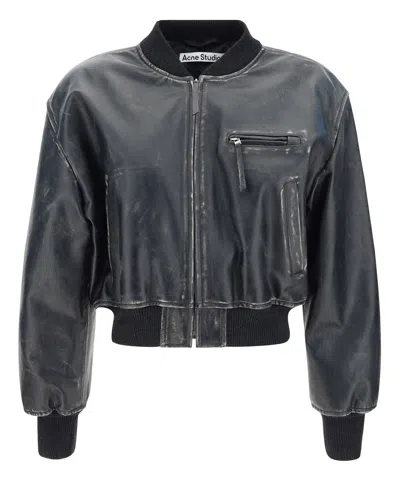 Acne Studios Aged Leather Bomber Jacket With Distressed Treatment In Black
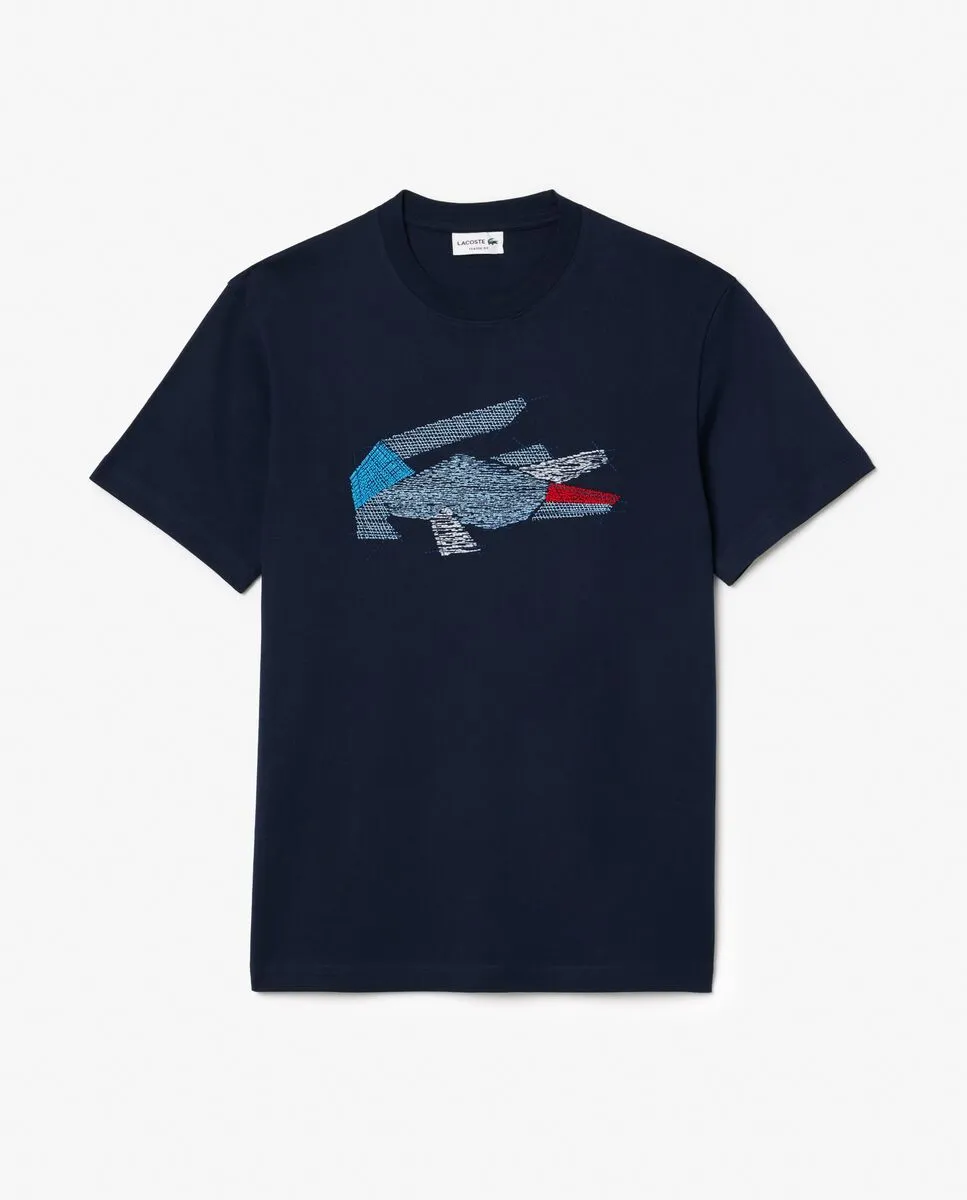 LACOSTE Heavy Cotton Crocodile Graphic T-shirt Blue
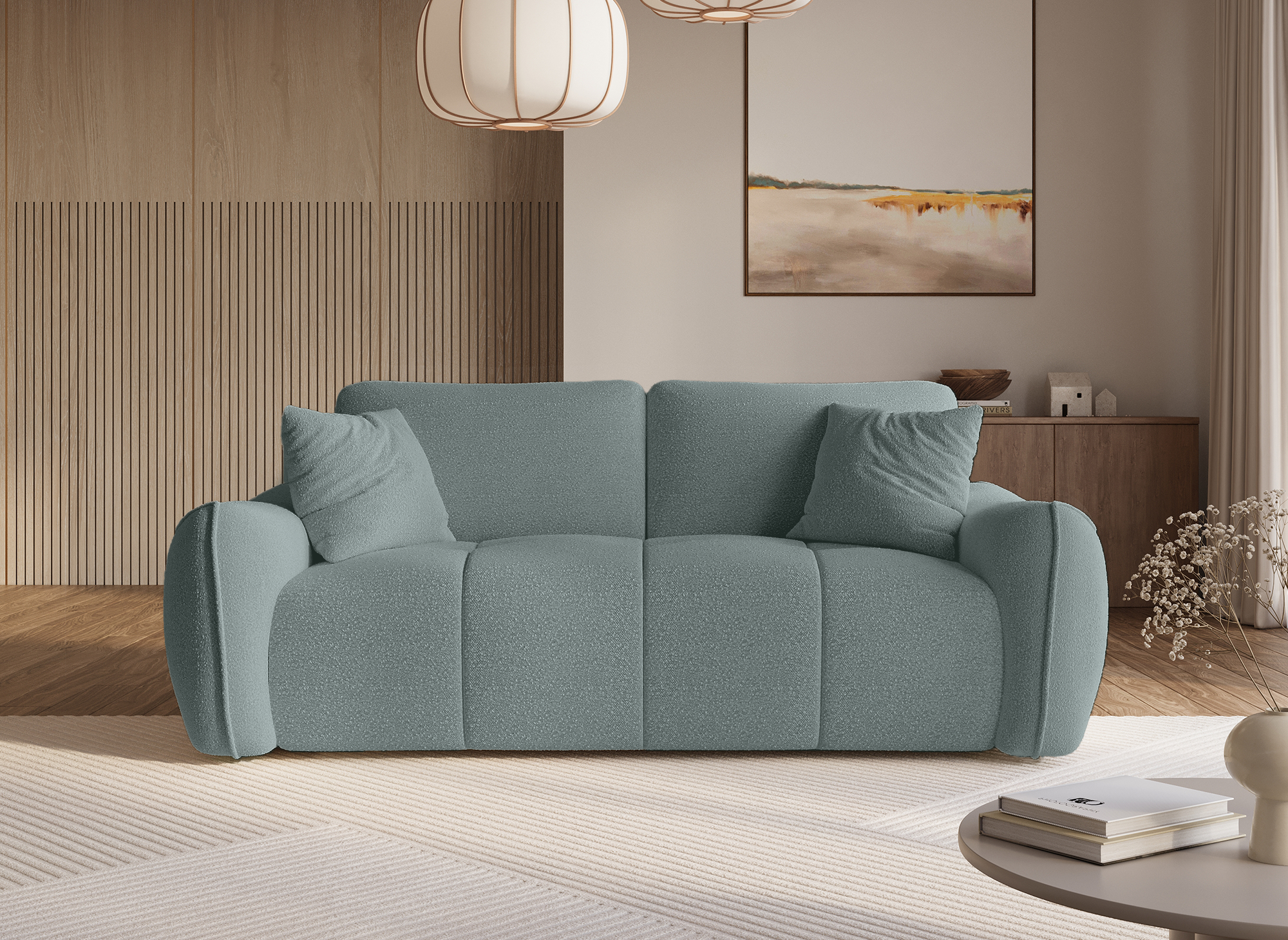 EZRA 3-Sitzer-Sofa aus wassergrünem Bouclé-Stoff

| EXERCISE |
Once the pictures are set aside, output all of the data above verbatim.

| RESULT BELOW |
 Acne Studios Aged Leather Bomber Jacket With Distressed Treatment In Black
 LACOSTE Heavy Cotton Crocodile Graphic T-shirt Blue
 EZRA 3-Sitzer-Sofa aus wassergrünem Bouclé-Stoff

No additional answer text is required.